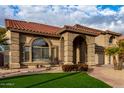 Two-story home with a three-car garage and manicured lawn at 13332 W Palo Verde Dr, Litchfield Park, AZ 85340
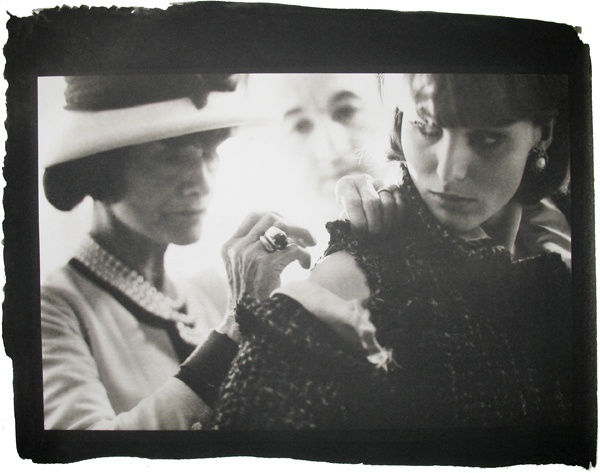 Black and white photograph with black border of Coco Chanel with a model with fitter Jean in background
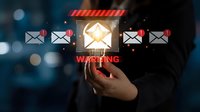 Cybersecurity warning concept with hand selecting email envelope showing security alert notification on digital interface with bokeh background.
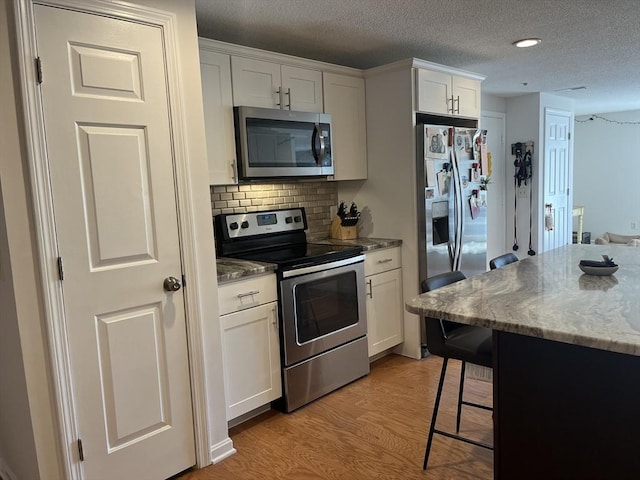 kitchen with stainless steel appliances, light wood-style floors, a kitchen breakfast bar, white cabinetry, and light stone counters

▶ **Work request**:
The task calls for duplicating the data exactly, with no images kept.

▶ **Output of the task**:
 Two-story home with a three-car garage and manicured lawn at 13332 W Palo Verde Dr, Litchfield Park, AZ 85340
 Black and white photograph with black border of Coco Chanel with a model with fitter Jean in background
 Cybersecurity warning concept with hand selecting email envelope showing security alert notification on digital interface with bokeh background.
 kitchen with stainless steel appliances, light wood-style floors, a kitchen breakfast bar, white cabinetry, and light stone counters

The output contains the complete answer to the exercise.